ABOUT THIS TASK:
Give back, unaltered, the lines from the one with "Dior White Shield" to the end of the material, omitting pictures.

MATERIALS PROVIDED:

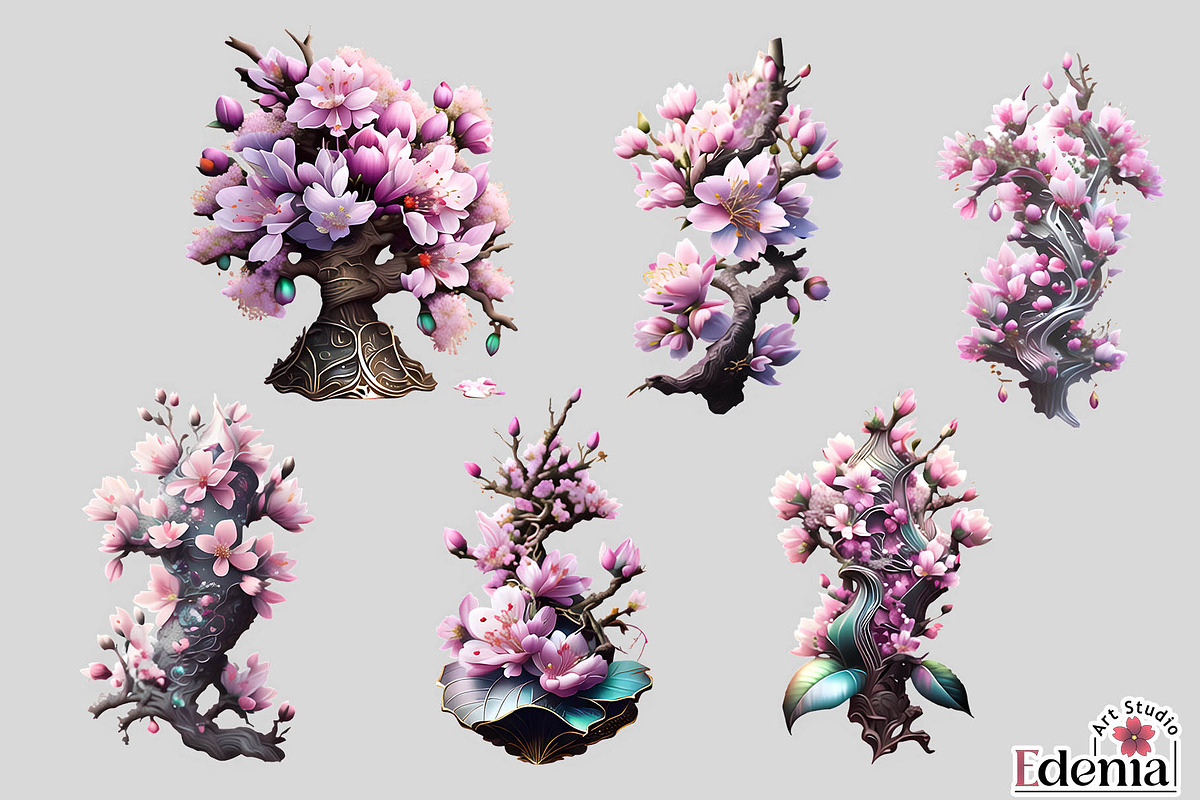 Cherry Blossom Sakura Flowers, a Seasonal Illustration by EdeniaArtStudio (Photo 6 of 8)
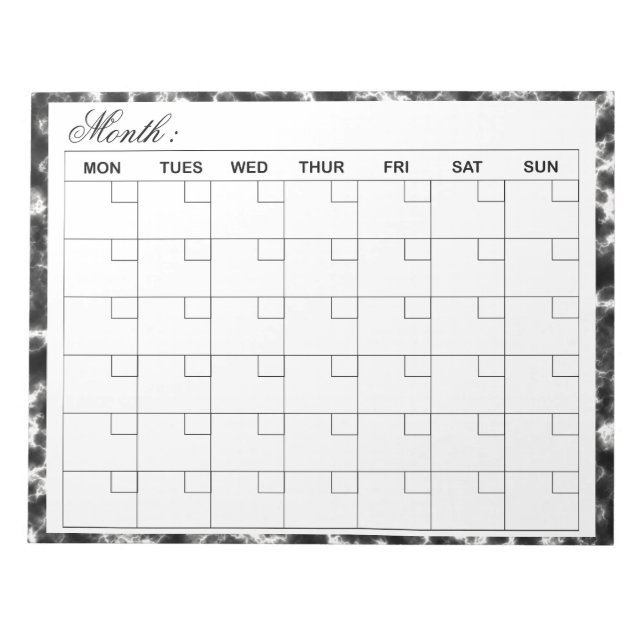  Elegant Monthly Calendar Planner  Notepad (Front)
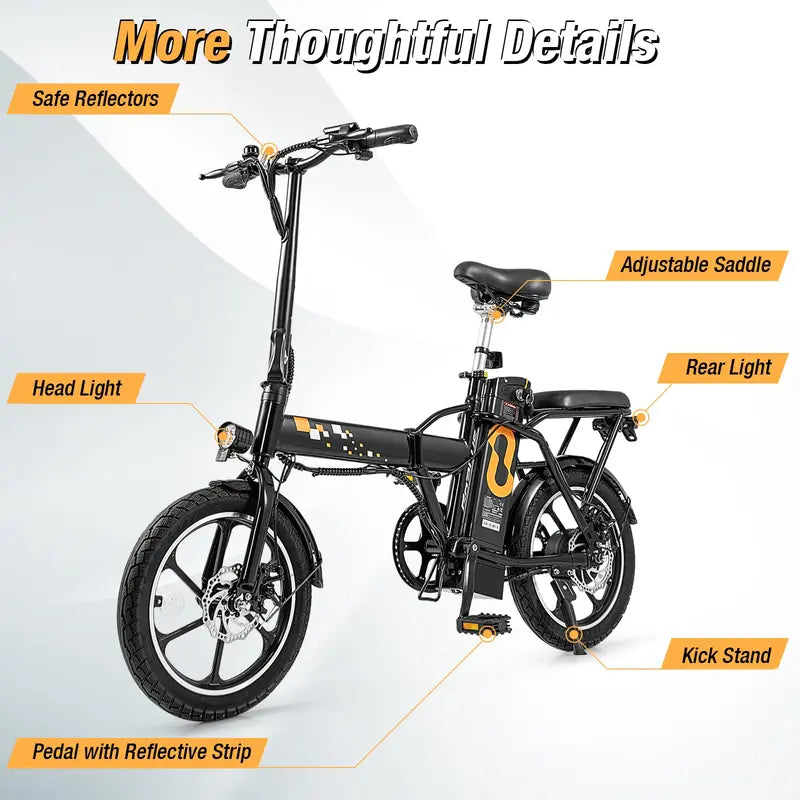 16-Inch Folding Electric Bike ¨C 650W Brushless Motor. Removable 42V 10.4Ah Battery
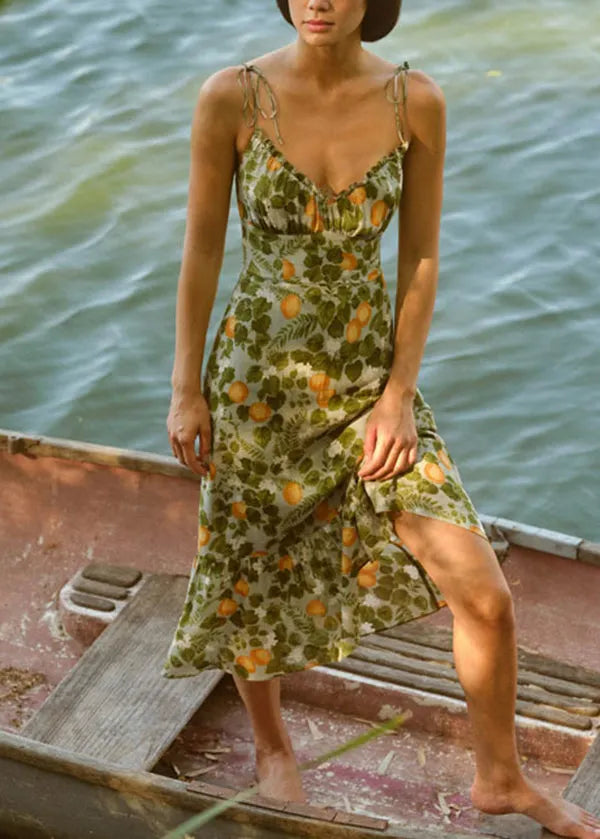Green Print Lace Up Cotton Spaghetti Strap Dress Summer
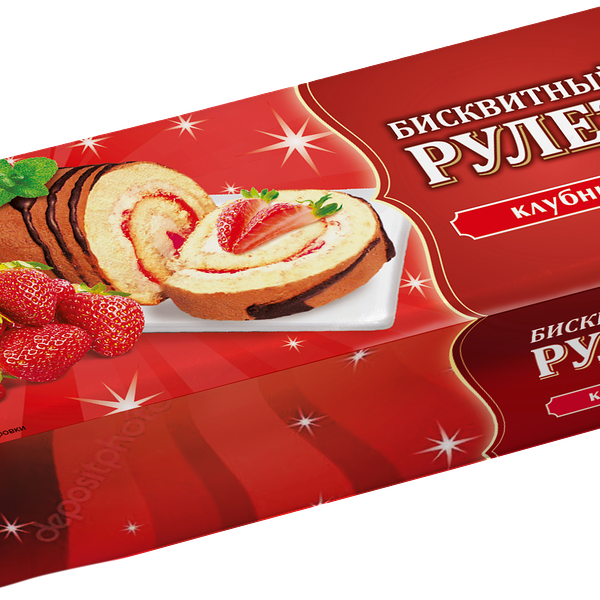 Рулет бисквитный клубничный 200 г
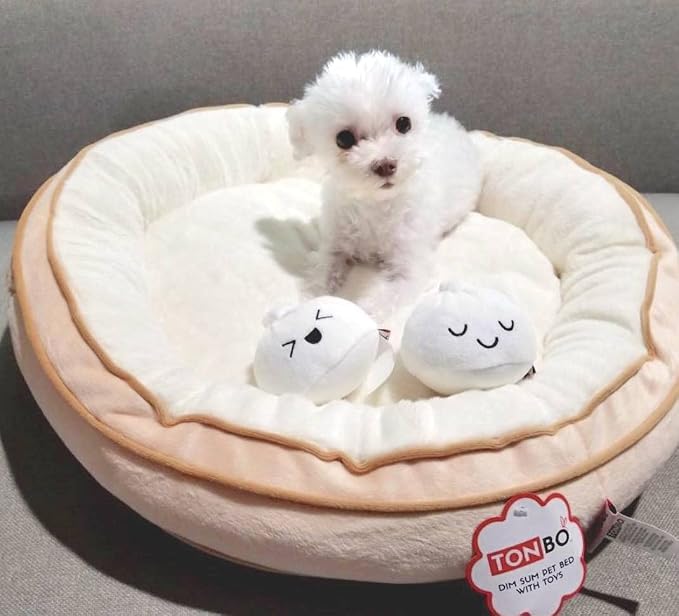 TONBO Soft Plush Small Cute and Cozy Food Dog Cat Bed, Washer and Dryer Friendly (Dim Sum) - Image 5
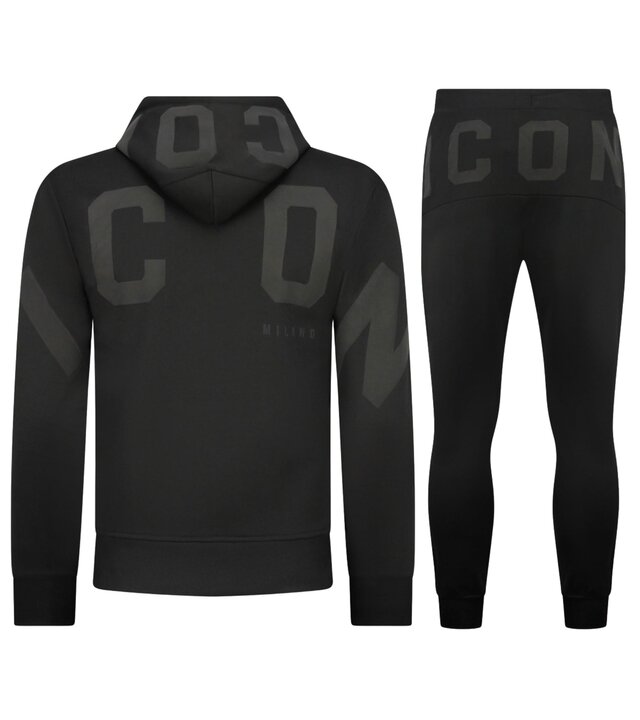 True Rise ICON Hoodie Herren-Jogginganzug – Herren-Trainingsanzug – Herren-Loungewear für Erwachsene – 6152 – Schwarz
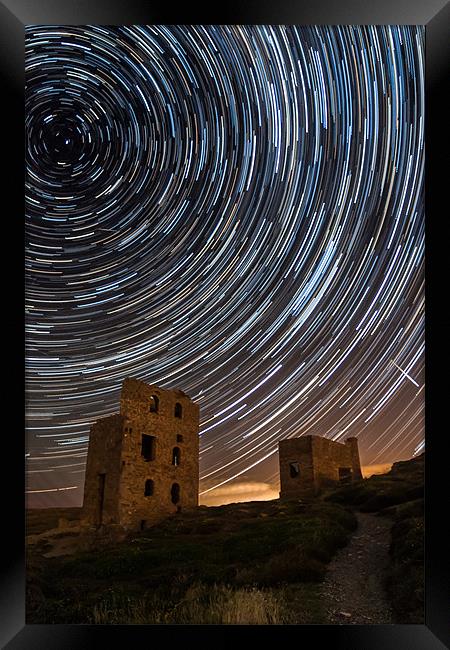 Perseids Over Wheal Coates Framed Print by Jonathan Swetnam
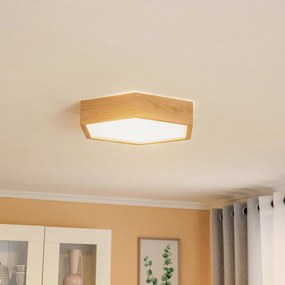 Plafoniera soffitto Hagen Envostar, dimmerabile, Legno chiaro, Soggiorno / Sala da pranzo, Legno, Plafoniera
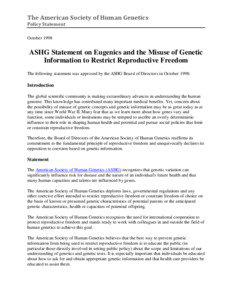 ASHG Statement on Eugenics and the Misuse of Genetic Information to Restrict Reproductive Freedom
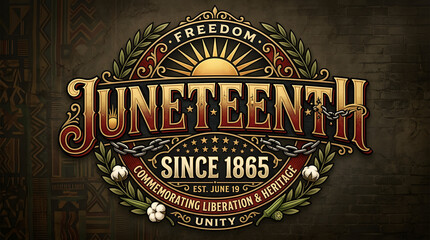 Fototapeta premium Juneteenth emblem celebrating freedom and unity since 1865 on vintage background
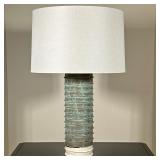 HW HOME "URBANA" TABLE LAMP | Colorado, green flambé glazed pottery lamp with matching finial and a 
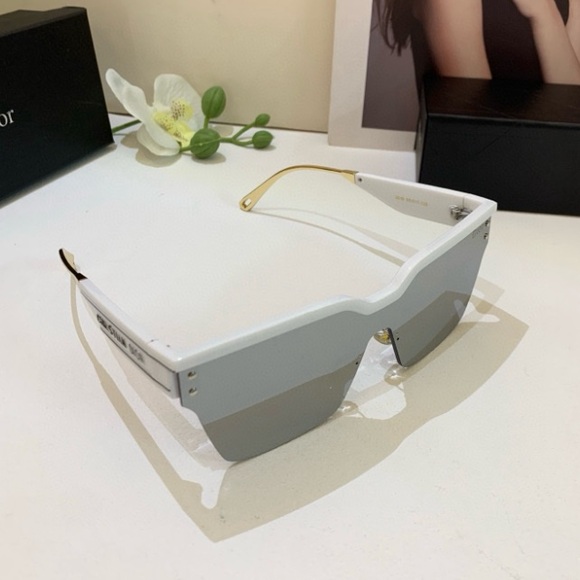 Dior White Shield Sunglasses with Silver Lenses main image 6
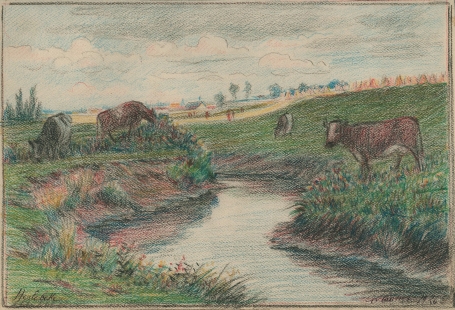 Landschapje getekend door Albert Caullet in 1920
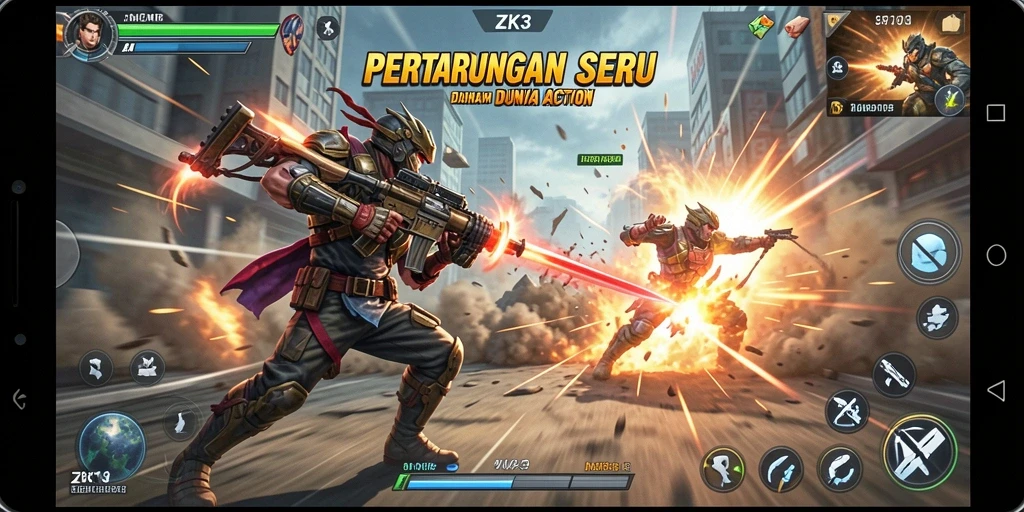 Tampilan gameplay seru dari ZK3 dengan aksi mendebarkan.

EXPECTED OUTPUT:
 Dior White Shield Sunglasses with Silver Lenses main image 6
 Landschapje getekend door Albert Caullet in 1920
 Tampilan gameplay seru dari ZK3 dengan aksi mendebarkan.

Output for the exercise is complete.